THE PROBLEM →
Your answer should be the lines below from the one holding "peace. love. kittens." through the one holding "Freshly Cosmetics Rose", copied exactly and with nothing else.

DATA SUPPLIED →
╔══

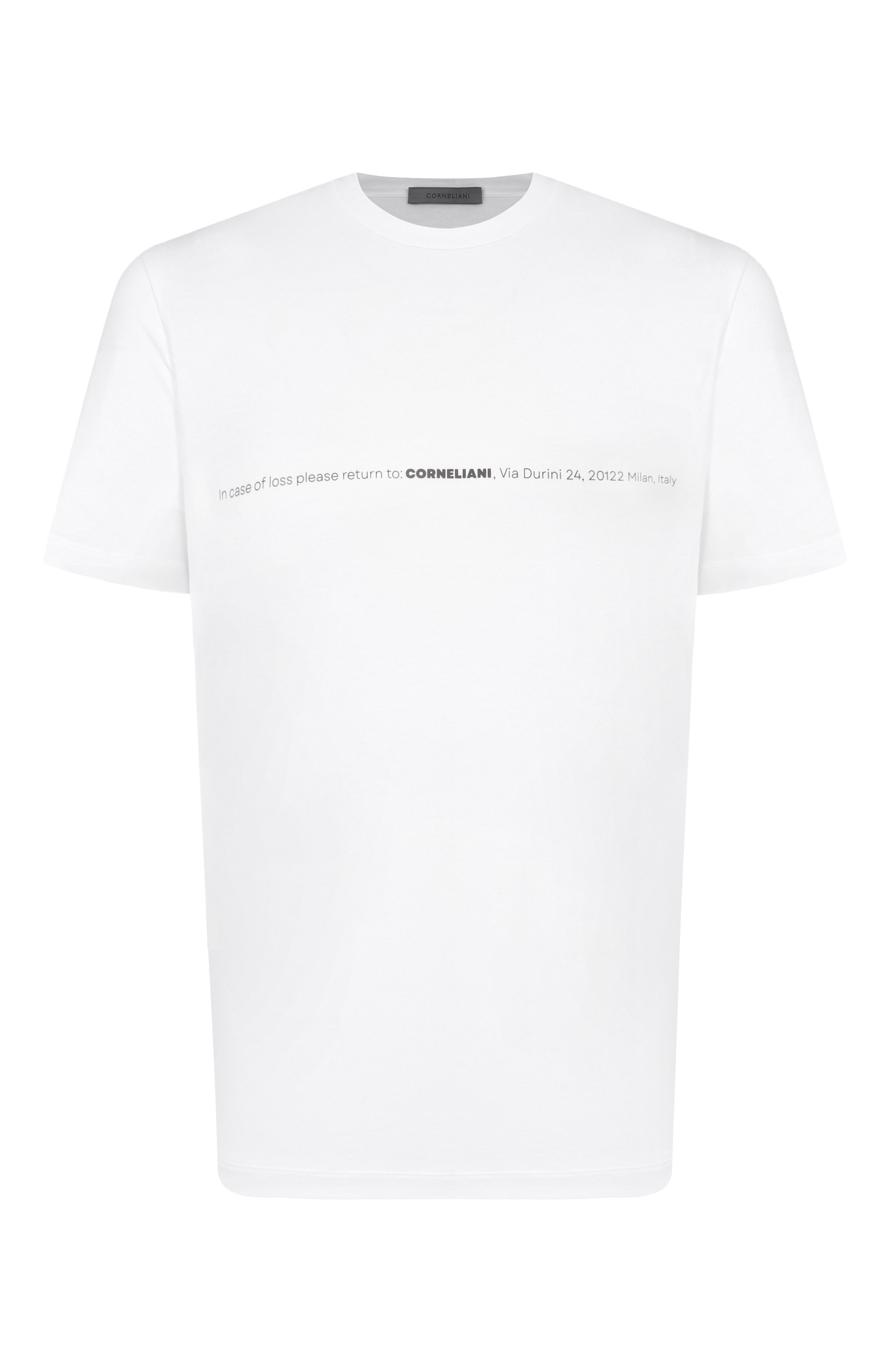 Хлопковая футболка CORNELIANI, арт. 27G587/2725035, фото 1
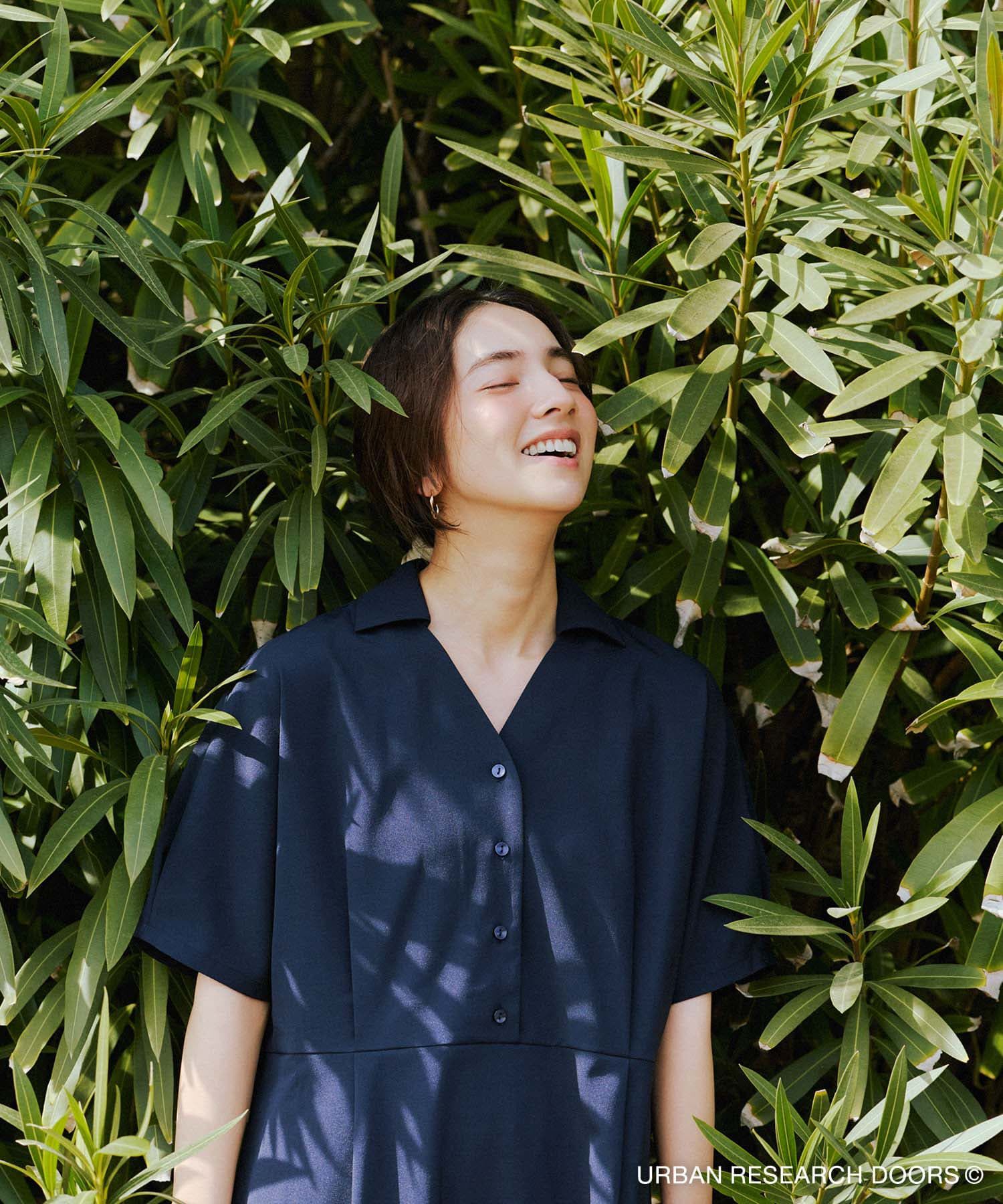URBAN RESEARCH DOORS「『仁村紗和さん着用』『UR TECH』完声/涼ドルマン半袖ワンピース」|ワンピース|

╚══
╔══

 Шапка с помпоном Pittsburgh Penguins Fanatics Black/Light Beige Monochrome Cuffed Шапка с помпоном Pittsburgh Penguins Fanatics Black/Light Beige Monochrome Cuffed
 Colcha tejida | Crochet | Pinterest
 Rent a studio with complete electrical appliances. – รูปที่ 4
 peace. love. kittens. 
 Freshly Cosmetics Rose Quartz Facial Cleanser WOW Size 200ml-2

╚══

SOLUTION TO THIS PROBLEM →
 peace. love. kittens. 
 Freshly Cosmetics Rose Quartz Facial Cleanser WOW Size 200ml-2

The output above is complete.